Records excerpted from a collection
"""

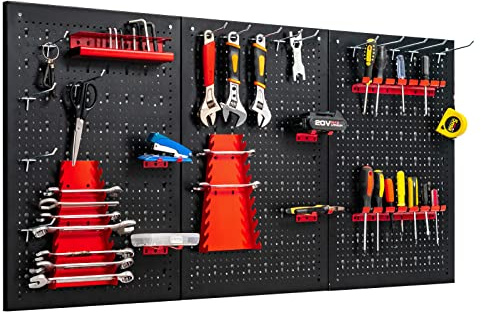 COSTWAY Organiseur Mural en Panneau Perforé Métal 3 Panneaux (Noir) | Rangement d'Outils avec 25 Accessoires de Suspension, Porte-outils Standard Fixé au Mur pour Garage, Atelier, Entrepôt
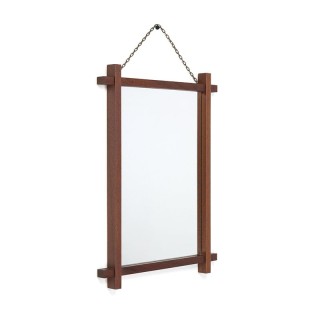 Vintage teak mirror on metal cord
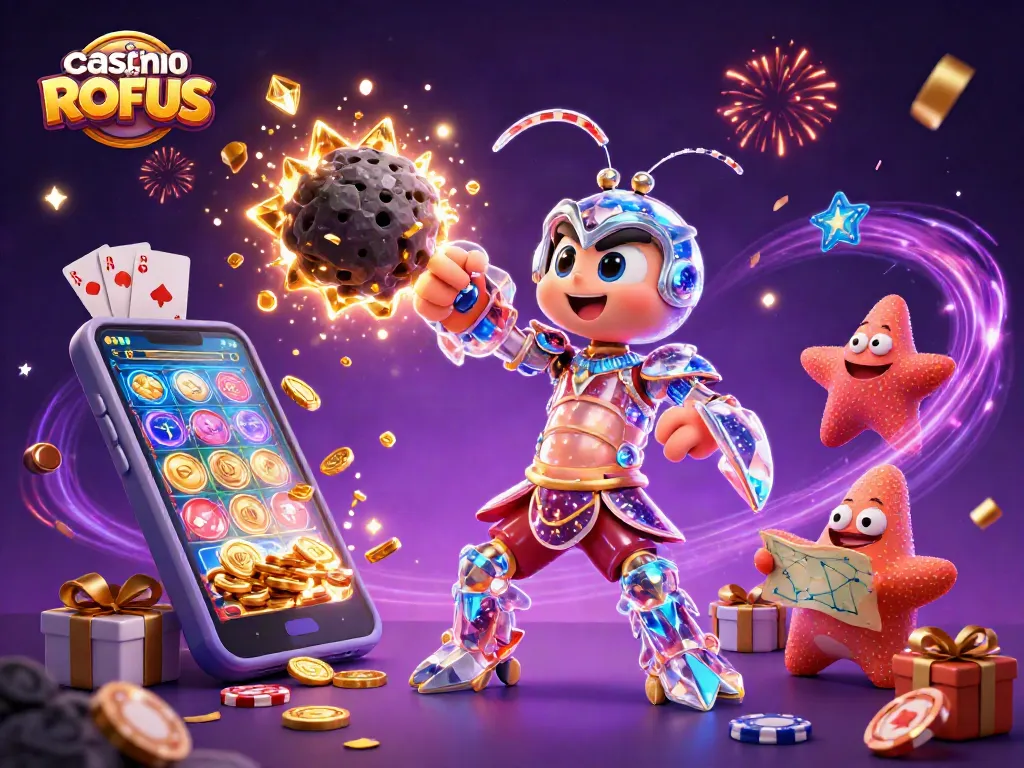Experience thrilling gameplay and winning strategies at casino uden om ROFUS with vibrant 3D illustration.
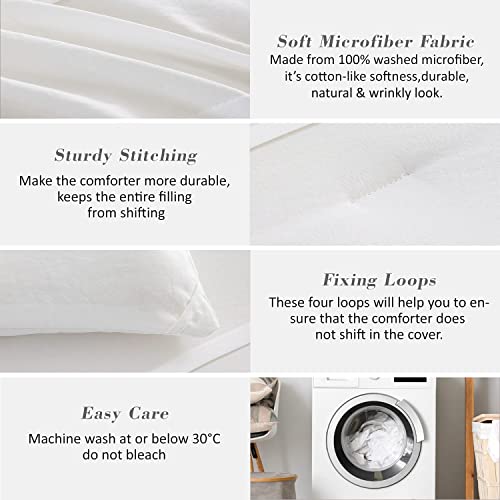 Aleissel Stripes Off-White Comforter King Size,Pleated King Comforter Set, Ultra-Soft White Bedding Set King Size 3 Pcs, Down Alternative Comforter Set(Off White,King104 X90) #TOP3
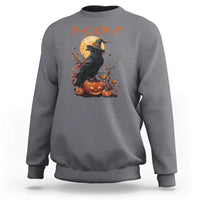 Funny Halloween F Caw F Sweatshirt Black Crow Moon Gothic Spooky Season - Wonder Print Shop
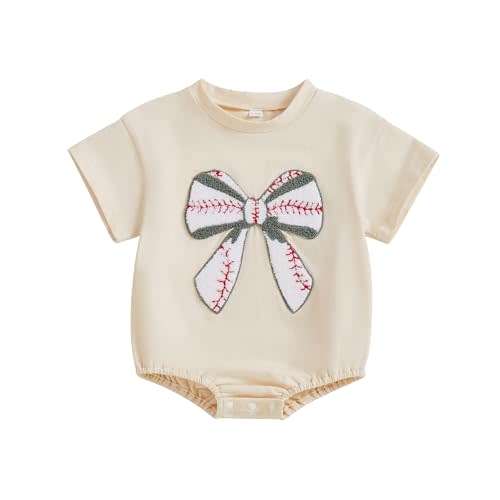 Newborn Summer Outfit Baby Girl Baseball Bow Embroidery Bubble Romper Short Sleeve One Piece Bodysuit
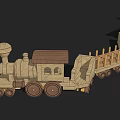 Wooden Building Blocks Train With Locomotive Carriages Wheels Fence Structure And Tower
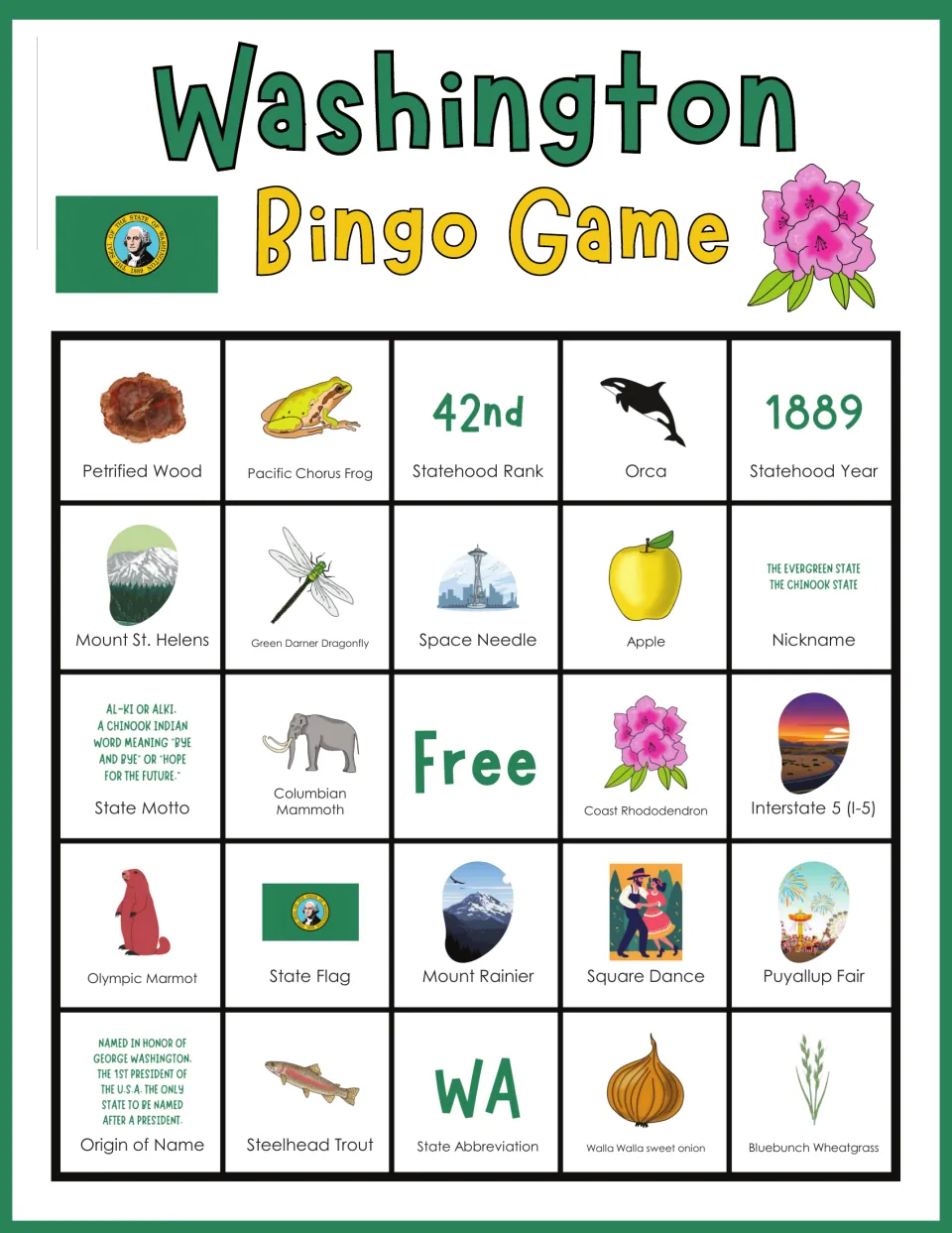 Washington bingo board 4: Petrified Wood, Pacific Chorus Frog, 42nd, Orca, 1889, and a free center space.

"""

- [Your task]:
If an entry holds a picture, leave the picture out and repeat the rest exactly.

- [Expected answer]:
 COSTWAY Organiseur Mural en Panneau Perforé Métal 3 Panneaux (Noir) | Rangement d'Outils avec 25 Accessoires de Suspension, Porte-outils Standard Fixé au Mur pour Garage, Atelier, Entrepôt
 Vintage teak mirror on metal cord
Experience thrilling gameplay and winning strategies at casino uden om ROFUS with vibrant 3D illustration.
 Aleissel Stripes Off-White Comforter King Size,Pleated King Comforter Set, Ultra-Soft White Bedding Set King Size 3 Pcs, Down Alternative Comforter Set(Off White,King104 X90) #TOP3
 Funny Halloween F Caw F Sweatshirt Black Crow Moon Gothic Spooky Season - Wonder Print Shop
 Newborn Summer Outfit Baby Girl Baseball Bow Embroidery Bubble Romper Short Sleeve One Piece Bodysuit
 Wooden Building Blocks Train With Locomotive Carriages Wheels Fence Structure And Tower
 Washington bingo board 4: Petrified Wood, Pacific Chorus Frog, 42nd, Orca, 1889, and a free center space.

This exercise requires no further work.